The term conceptual art is a classic oxymoron. Conceptualism was still born. Art-as-idea has evolved from an absurdity to a concept of art reduced once again to illustration and documentation. Research, the collection of facts, has replaced perception, replaced feeling. Duchamp’s cynical act of pointing at a urinal and calling it art has spawned the current fashion of pointing. The art in this situation is not what is pointed at but rather the act of pointing and the implicit declaration. It is more vapid than the more traditional and self-centered pointing at yourself, drawing attention to yourself when you have nothing to offer, no beautiful intentions.

Duchamp was the first artist to gain a history book kind of success because he had nothing good to offer. The root of his powerful influence on today’s art world lies in the hope he gives to so many artists with ambitions for a similar kind of success, who, despite reasonable intelligence, like Duchamp have nothing good to offer. It is a telling fact to consider that some of the greatest paintings ever made were painted by Monet with his coke-bottle glasses in his garden in Giverny years after Duchamp pointed at a urinal. The history of what matters is more like a pulse than a march.

It’s in the nature of institutions to be conservative. Institutions must hold on to the ideas of themselves to exist. As we are in the era of art-as-idea, there is institutionalized sanctioning of cleverness within the contemporary art world that looks suspiciously like the 19th century Academy. It’s what happens when ideas replace feeling. There is a work of conceptual art that consist of a panel that has the words on it (in French) “Art is useless. Go home.” Without beauty, without feeling this is more or less true.

All artists, great and small, make things that aren’t beautiful. Sometimes some of them make things that are. A thing shouldn’t be held sacred just because Leonardo painted it or Mozart composed it. We’re allowed to walk away from art, even great art, if we find we can’t trust it.

Making beautiful things is beyond me. If it was just a matter of sincerity or intelligence or skill the world would be full of beautiful art. If it happens for me I’m never sure where it came from, or why it happened. It has many of the characteristics of accident. I realize I’m not controlling things. Simone Weil talks about waiting for God. All I can do is wait and hope for the beautiful thing to happen.

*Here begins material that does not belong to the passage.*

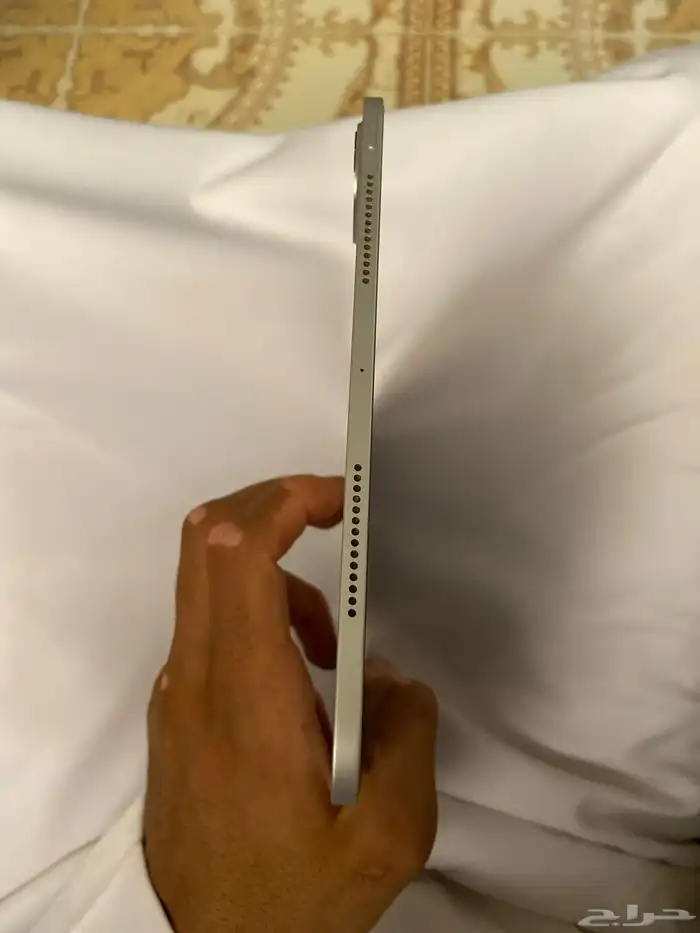 ايباد M4 4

There was hope the industrial and technological revolutions would give us the opportunity to become our best selves but we sit in cars at drive-thrus and in chairs staring at screens and allow the means to become the end, the medium to become the message. We never seem to be up to our dreams, our utopias. We always imagine things that need us to be better than we are: Camelot, Star Trek, socialism, democracy. Occasionally a person saves us though, for a while, by disappearing, by being disinterested, by being selfless.

Watermelon Rinds in a Bowl, 2012, oil on board, 19.75 x 20 in., collection of the artist

Watermelon Rinds in a Bowl, 2012, oil on board, 19.75 x 20 in., collection of the artist

I have my moments

William Blake wrote, “If the doors of perception were cleansed, man would see everything as it is, infinite.”

As the best musicians listen, so the best painters look.

I’ve been trying to figure out the word tactile with an artist friend of mine. It’s one of those words, like beauty, used to denote something crucial in art but difficult to define. My daughter is a performance artist, a dancer. She uses the word presence in a way that I think might stand for a manifestation of the same crucial quality of art. When you stand in front of a painting, often you read the image as a few symbols and that’s all that’s there. You run into the end of the art quickly and moving up close to it or remaining with it for hours is fruitless. If a work is tactile, if a work has presence, you are rewarded by any kind of closeness.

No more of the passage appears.